The hurricane projections said it would hit hundreds of miles away and would only be a category 3. We knew the “dirty side” of a hurricane was not a fun place to live, but a few days of rain and maybe a little wind was all I mentally prepared for.
Friday, I went to school to grab my laptop and a couple of teacher books so I could finish my lesson plans, review the game plan for next week’s game against Pearland, and whatever else needed attention. Having been through hurricanes and heavy rain before, I thought maybe we would go back to school on Tuesday at the latest.
Our football staff has a group text that is mostly silly memes and rude jokes. Now it reads like a timeline of the storm.
As I look back on the text threads, there is a definite change in tone on Friday evening when the rain started. We went from making fun of each other to being seriously concerned for one another. The rain fell Friday night but none of us had water in our houses or were flooded in. I even got out of the house to drive around on Saturday. I went to the grocery store for eggs and drove around a bit to see what was what. We spent the day planning for our week one football game and watched the news as the storm worked its way closer.
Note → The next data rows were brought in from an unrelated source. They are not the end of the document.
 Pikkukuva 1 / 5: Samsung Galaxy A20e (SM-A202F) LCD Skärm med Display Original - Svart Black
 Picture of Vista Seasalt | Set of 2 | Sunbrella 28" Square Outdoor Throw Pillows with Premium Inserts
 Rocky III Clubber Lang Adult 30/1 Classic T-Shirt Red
Saturday night was when it started getting scary. A flood, a deluge of water fell on our city. My wife and I didn’t sleep. It was one of the scariest most nerve-wracking nights of my life. 15 inches of rain fell in 3 hours and we were constantly up and down watching the water levels in the street rise and making sure our flooded pool wasn’t about to merge with our kitchen. The coaches’ group chat filled with pictures of rising water and reports from all over south and west Houston. I’m sure we are all too macho to admit it, but we felt that fear collectively and it was a relief for us to know that we weren’t alone in this storm.
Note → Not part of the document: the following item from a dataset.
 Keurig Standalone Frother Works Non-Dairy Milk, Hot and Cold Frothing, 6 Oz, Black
When the sun rose on Sunday, my house was still dry and the electricity was on. Others weren’t so lucky. Neighborhoods within a quarter mile of my house were completely flooded out and many of our students don’t have a home to go back to anymore. I’m sure you saw reports on TV of water rescues happening in League City. Those are our kids. I see those families at parent night and sub varsity football games. We shop at the same grocery store and order pizza from the same place. My twitter feed filled with images from our community of families who were rescued in boats and won’t see their houses for weeks.
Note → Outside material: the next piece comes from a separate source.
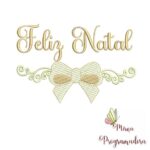 Matriz de Bordado - Feliz Natal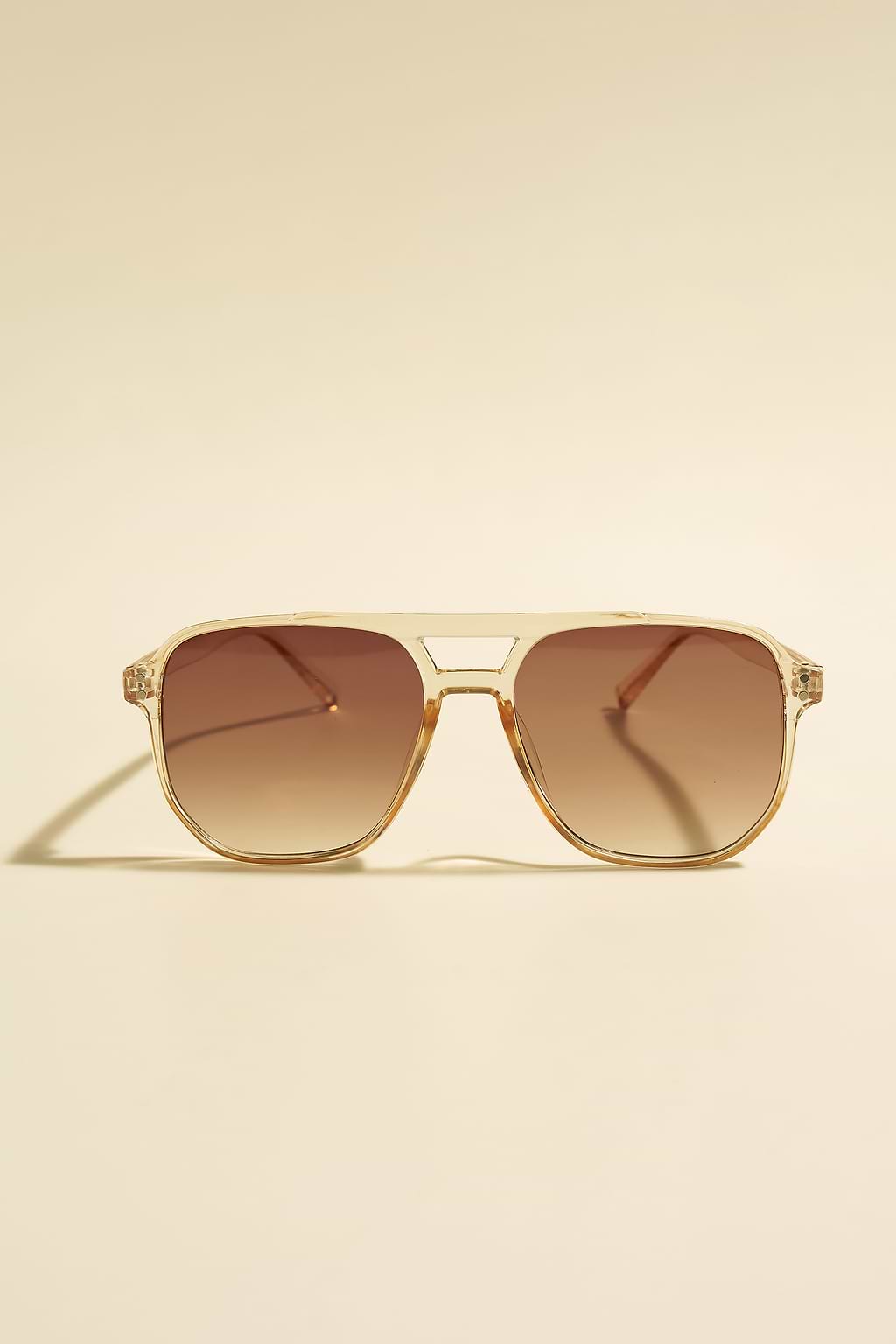 Gafas de sol Diva de color marrón claro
Despite the destruction we endured this weekend, I can’t help but think toward the future. It will take some time, but the flood waters will abate and the roads will clear. At some point, we will reopen our schools. We will ask the students and teachers to come back and the process of building will resume.
Even those whose houses didn’t flood will bear the scars of this terrifying natural disaster. And those whose houses did flood will be consumed by it.
Where will that process even begin? What will I say to them? What can I reasonably expect them to produce?
I have no idea how to answer most of these questions. All I know is that I’m going to tell them that I love them over and over. My classroom will be a refuge from the aftermath of the storms. We can be safe together. We can write about our pain and share our fears. My Student Council class will work to bring some normalcy back to people’s lives whether through food drives, donations, or lending a hand to those who need it. I’m going to give my linebackers the biggest hugs they’ve ever gotten and I’m going to tell those boys, who think they are men, that I love them.
Harvey’s footprint will always be seen on this school year for these students and teachers.
Maybe we can learn about survival and community and love. I think my classroom is the perfect place for those lessons. I hope I’m up to it.